───── The records

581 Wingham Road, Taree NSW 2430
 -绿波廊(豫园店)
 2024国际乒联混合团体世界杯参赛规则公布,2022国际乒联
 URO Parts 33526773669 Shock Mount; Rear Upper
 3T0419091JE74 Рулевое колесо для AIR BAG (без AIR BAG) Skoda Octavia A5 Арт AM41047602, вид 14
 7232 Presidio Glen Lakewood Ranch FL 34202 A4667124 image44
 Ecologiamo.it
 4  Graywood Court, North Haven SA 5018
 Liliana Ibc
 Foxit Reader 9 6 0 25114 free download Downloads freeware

──────────

## The task:
Set down the material above in full, keeping each line exactly as it is.

## Problem solution:
581 Wingham Road, Taree NSW 2430
 -绿波廊(豫园店)
 2024国际乒联混合团体世界杯参赛规则公布,2022国际乒联
 URO Parts 33526773669 Shock Mount; Rear Upper
 3T0419091JE74 Рулевое колесо для AIR BAG (без AIR BAG) Skoda Octavia A5 Арт AM41047602, вид 14
 7232 Presidio Glen Lakewood Ranch FL 34202 A4667124 image44
 Ecologiamo.it
 4  Graywood Court, North Haven SA 5018
 Liliana Ibc
 Foxit Reader 9 6 0 25114 free download Downloads freeware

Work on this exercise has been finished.